Personal information
- Nationality: Australian
- Born: 17 October 1932
- Died: 13 December 2006 (aged 74)

Sport
- Sport: Rowing

= Bruce Dickson (rower) =

Australian rower

Bruce Dickson (17 October 1932 - 13 December 2006) was an Australian rower. He most notably competed in the 1956 Summer Olympics.

== Early life ==
Dickson was born on 17 October 1932. He was educated at the Sydney Church of England Grammar School with his brother.

== Career ==

=== Pre-Olympics ===
Locally, Dickson was a part of the Albert Park Rowing Club, and in 1955, he played in the Interstate Men’s Coxed Pair Championship stroke.

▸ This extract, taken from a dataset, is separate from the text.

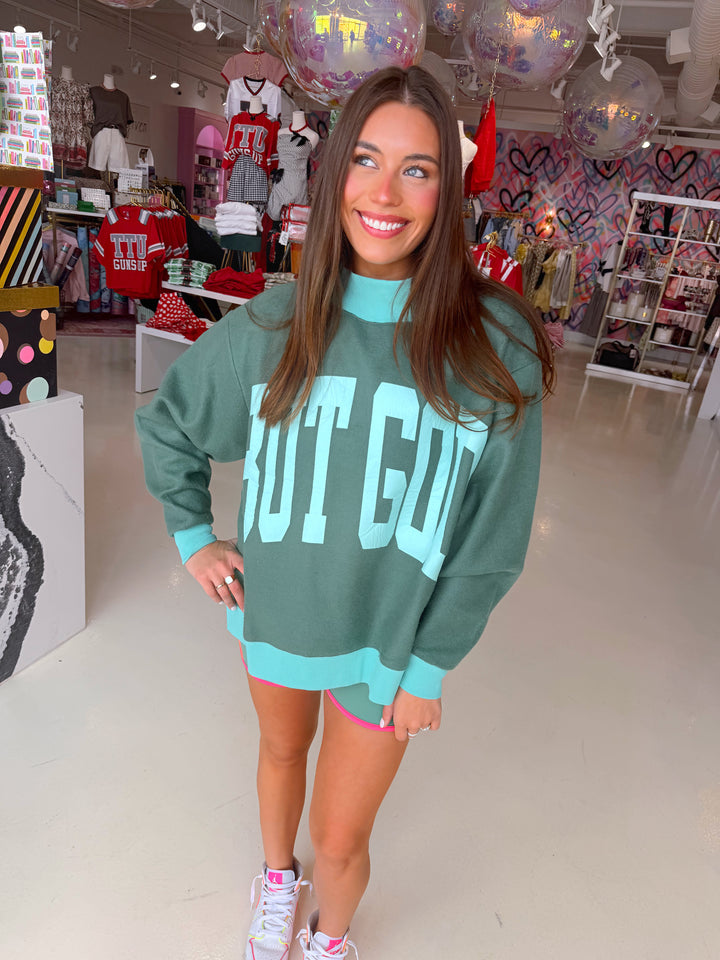 BUT GOD 2 Sided Mockneck Sweatshirt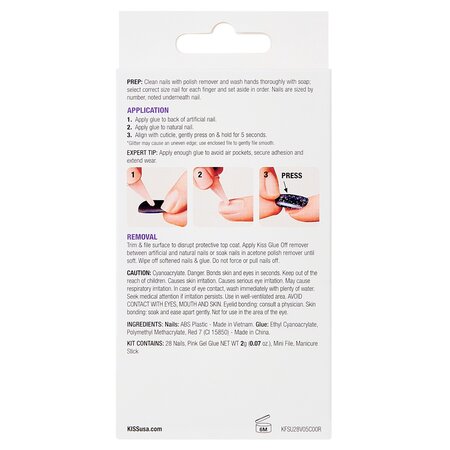 Unghii false Short Squoval Midnight Snac Gel Fantasy Color, 28 bucati, Kiss 750086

In this competition, he came first.

=== Olympics ===
Dickson spent 7 years training with his training partner Robert Duncan at the Albert Park Rowing Club, overseen by Duncan's father, Harry. When they qualified, they played for Australia in the 1956 Summer Olympics in the Male Coaxed Pairs category, playing the Soviet Union and Chile in the quarterfinal. His team was defeated in the semi-final by the USA and West Germany.

=== Post-Olympics ===
Dickson played in the 1964 Australian National Rowing Championships in both the coxless and coxed. He played for Leichhardt, with 4 people in the boat, in the second position, and placed second both times.